On March 22, the Federal Reserve approved an additional rate hike of 0.25%, bringing the benchmark federal funds rate to a range of 4.75-5%, the highest level since September 2007. This ninth consecutive rate increase comes as many investors and market commentators questioned whether the rate hikes could be paused or even begin reducing at the March meeting, given the heightened stress around the banking industry earlier this month.
In the March announcement, the Open Market Committee adjusted their phrasing from anticipating some ongoing rate increases (which was present in their previous eight statements), to instead they anticipate that additional policy firming may be appropriate. The Fed’s post-meeting policy statement noted that it was still uncertain how much the economy would slow resulting from the recent banking stress and subsequent likelihood of tighter credit conditions for both households and businesses.

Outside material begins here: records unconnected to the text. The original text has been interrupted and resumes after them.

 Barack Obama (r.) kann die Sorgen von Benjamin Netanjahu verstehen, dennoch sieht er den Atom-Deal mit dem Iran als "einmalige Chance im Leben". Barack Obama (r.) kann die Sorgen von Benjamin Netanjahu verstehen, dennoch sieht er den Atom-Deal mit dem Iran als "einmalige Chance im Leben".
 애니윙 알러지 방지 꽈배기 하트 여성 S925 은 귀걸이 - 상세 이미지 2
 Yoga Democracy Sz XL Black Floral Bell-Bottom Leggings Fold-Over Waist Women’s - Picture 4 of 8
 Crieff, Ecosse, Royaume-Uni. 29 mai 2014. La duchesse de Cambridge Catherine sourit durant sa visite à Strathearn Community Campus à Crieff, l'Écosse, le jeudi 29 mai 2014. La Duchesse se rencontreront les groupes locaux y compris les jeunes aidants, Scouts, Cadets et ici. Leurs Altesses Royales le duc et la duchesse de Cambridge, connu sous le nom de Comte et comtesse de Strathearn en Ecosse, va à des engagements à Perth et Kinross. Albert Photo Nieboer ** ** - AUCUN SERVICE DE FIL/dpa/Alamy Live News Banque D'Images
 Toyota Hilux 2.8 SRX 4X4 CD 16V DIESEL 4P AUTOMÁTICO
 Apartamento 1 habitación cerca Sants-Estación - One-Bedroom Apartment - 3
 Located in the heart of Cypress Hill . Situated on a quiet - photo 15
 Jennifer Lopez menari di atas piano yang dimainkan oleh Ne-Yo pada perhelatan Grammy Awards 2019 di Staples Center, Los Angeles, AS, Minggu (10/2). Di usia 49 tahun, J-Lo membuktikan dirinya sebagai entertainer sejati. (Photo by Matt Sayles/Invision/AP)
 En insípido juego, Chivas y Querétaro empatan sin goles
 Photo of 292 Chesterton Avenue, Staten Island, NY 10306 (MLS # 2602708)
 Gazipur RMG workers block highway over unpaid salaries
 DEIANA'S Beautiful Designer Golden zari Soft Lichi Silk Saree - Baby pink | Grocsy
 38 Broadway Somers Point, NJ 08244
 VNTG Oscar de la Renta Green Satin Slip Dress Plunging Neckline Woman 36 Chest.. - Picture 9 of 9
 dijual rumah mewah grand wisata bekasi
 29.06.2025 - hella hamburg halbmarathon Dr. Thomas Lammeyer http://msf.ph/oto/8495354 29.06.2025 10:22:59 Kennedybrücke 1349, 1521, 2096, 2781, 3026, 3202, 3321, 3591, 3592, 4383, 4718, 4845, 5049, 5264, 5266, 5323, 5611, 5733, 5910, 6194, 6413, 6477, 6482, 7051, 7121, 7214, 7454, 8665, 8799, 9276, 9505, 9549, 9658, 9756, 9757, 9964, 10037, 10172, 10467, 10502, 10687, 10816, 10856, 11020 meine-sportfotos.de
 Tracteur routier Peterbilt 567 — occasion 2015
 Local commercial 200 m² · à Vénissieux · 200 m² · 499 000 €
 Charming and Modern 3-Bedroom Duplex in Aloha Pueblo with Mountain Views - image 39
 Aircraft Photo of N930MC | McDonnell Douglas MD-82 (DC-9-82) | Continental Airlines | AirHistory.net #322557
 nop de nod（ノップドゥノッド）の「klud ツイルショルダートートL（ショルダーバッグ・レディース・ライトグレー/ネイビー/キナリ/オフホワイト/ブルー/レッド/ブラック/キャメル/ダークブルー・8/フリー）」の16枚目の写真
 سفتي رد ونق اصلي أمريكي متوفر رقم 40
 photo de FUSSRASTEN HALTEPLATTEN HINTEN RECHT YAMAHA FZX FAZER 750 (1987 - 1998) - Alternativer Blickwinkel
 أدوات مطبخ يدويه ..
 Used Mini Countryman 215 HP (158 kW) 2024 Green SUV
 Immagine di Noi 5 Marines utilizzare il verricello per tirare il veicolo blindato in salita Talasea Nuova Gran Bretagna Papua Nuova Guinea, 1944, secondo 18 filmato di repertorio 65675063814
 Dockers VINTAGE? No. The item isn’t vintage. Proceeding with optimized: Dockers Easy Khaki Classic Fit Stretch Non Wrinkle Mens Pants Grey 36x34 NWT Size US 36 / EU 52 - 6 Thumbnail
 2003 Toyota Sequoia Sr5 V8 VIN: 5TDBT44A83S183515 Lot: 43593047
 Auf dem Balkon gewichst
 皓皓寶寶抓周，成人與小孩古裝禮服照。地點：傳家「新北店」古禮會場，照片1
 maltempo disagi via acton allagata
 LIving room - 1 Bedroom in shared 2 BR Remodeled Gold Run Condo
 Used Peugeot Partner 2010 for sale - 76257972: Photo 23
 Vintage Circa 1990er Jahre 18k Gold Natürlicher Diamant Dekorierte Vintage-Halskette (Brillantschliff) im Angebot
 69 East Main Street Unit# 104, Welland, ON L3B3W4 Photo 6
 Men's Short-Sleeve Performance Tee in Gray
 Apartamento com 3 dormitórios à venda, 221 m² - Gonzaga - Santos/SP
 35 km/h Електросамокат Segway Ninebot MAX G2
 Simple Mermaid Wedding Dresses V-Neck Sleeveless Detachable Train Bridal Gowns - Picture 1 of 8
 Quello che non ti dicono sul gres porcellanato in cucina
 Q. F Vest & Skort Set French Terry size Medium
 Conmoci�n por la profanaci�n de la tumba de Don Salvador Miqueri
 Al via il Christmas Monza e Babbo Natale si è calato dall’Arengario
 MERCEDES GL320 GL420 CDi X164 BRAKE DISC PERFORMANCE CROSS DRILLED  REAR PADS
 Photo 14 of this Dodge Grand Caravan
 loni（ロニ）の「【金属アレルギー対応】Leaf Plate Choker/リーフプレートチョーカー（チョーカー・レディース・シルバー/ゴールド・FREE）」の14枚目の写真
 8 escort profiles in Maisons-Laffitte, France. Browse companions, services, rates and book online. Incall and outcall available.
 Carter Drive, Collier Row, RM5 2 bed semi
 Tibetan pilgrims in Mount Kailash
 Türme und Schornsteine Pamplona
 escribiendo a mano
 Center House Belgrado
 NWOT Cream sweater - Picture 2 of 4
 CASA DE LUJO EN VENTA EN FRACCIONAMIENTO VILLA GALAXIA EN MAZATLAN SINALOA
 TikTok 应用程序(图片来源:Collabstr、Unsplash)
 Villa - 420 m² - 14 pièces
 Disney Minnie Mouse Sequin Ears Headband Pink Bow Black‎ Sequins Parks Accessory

Given the uncertainty of the extent of these effects, they have shared it is too soon to determine how monetary policy should respond. The Federal Reserve’s Board members and Bank president’s median projected rate for December 2023 have been updated to 5.1%, suggesting the potential for an additional 0.25% rate hike before the end of the year. The Fed continues to target an inflation rate of 2%, which Fed Chairman Jerome Powell has cautioned was still far from being achieved. The Fed will continue to assess data and evaluate the impact of the rate hikes it has implemented to determine how to proceed with its policy.